Action item: For each line in the data that includes "Exhaust", make a copy.

****************

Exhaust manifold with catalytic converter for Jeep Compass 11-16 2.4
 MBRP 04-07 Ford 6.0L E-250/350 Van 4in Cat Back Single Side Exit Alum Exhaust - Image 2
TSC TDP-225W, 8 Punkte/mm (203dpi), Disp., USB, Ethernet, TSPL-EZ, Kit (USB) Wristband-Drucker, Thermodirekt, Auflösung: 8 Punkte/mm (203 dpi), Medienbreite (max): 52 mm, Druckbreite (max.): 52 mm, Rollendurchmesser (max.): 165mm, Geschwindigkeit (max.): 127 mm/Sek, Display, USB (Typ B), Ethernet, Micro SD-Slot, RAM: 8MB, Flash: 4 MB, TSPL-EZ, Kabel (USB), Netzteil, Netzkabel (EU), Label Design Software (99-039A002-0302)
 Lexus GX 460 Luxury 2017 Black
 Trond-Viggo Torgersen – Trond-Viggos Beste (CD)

****************

Reply:
Exhaust manifold with catalytic converter for Jeep Compass 11-16 2.4
 MBRP 04-07 Ford 6.0L E-250/350 Van 4in Cat Back Single Side Exit Alum Exhaust - Image 2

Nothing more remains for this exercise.